01-09-2009 09:38 AM
Downstream SNR shows the strength of the signal to your cable modem as compared to the noise on the line (signal/noise). If the noise level increases the SNR value decreases. So, then high levels are good for the SNR. This number should be at 30 or more. If the SNR goes below 30 than you will probably start to experience some problems, such as intermittent connection, packet loss, etc.
Downstream Power shows the power of the signal your cable modem is getting. The level of the downstream power should be -15 to 15 dB according to most manufacturers' specs... However, it is best for that level to be in the -8 to 8 range.
Upstream SNR shows how much signal the head end is getting from your cable modem, compared to the noise level. "Head End" refers to the point of reference that is the central point of the local network of your service provider.

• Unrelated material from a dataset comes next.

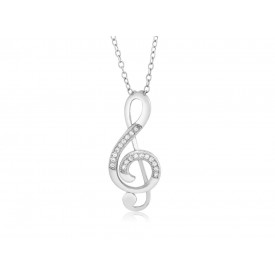 EDP9446 S/S CZ MUSIC NOTE PENDANT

Anything above 29 is good. Just like the download SNR if the noise level increases the upstream SNR decreases.
Upstream Power shows the level of the signal from the cable modem to the provider. This number should be lower than 55dB. The lower the number, the better your connection.
For more details look at http://www.dslreports.com/faq/5862
08-19-2009 09:08 AM
10-01-2011 10:03 PM
Little late, but figured I would add to this as I was dealing with this god awful model.
Yes it is a router (had to put this in as someone was speaking as though they know everything and are very very wrong - and as such wasted a lot of my time), I checked multiple ways including ipconfig, doing a lot of port checks(after verifying they work with my comcast modem), etc.. Apparently this was done to allow a comp to attached to both the usb and the ethernet connector. There is no way to change any thing on the modem (least as far as I can tell) and it makes life a freaking pain if you are trying to port forward. So far from what I can tell is I can access the internet and I can see the modem at 192.168.100.1 but there is no direct way to open any ports what so ever.
05-24-2012 11:58 PM
I have a connected problem. My internet is disconnected because the UPSTREAM POWER is 54dbv or above, and the modem shows T3 and T4 issues. A few months ago, there was not connected issue. It has started a few week ago. I directly connect my modem to the wire that COMCAST provides. The UPSTREAM POWER is still 54db. However, I remember 1 years ago, I directly connected my modem to the wire that comcast provide. The UPSTEAM POWER was 40 db and when I connected to the splitter the UPSTREAM POWER was 52 db. I use a 2 way splitter to seperate the TV and the modem linksys CM 100. and I have a amplier to boost the tv signal. Do you think what cause the UPSTREAM POWER goes up 2 db. It's very annoying because the interest drops off 3-4 times a day.
05-25-2012 09:35 AM
very common for a splitter to hike up the upstream power and the TV amp you have might just be adding the extra 2db there. an attenuator might be able to help... have you consulted with comcast about this issue?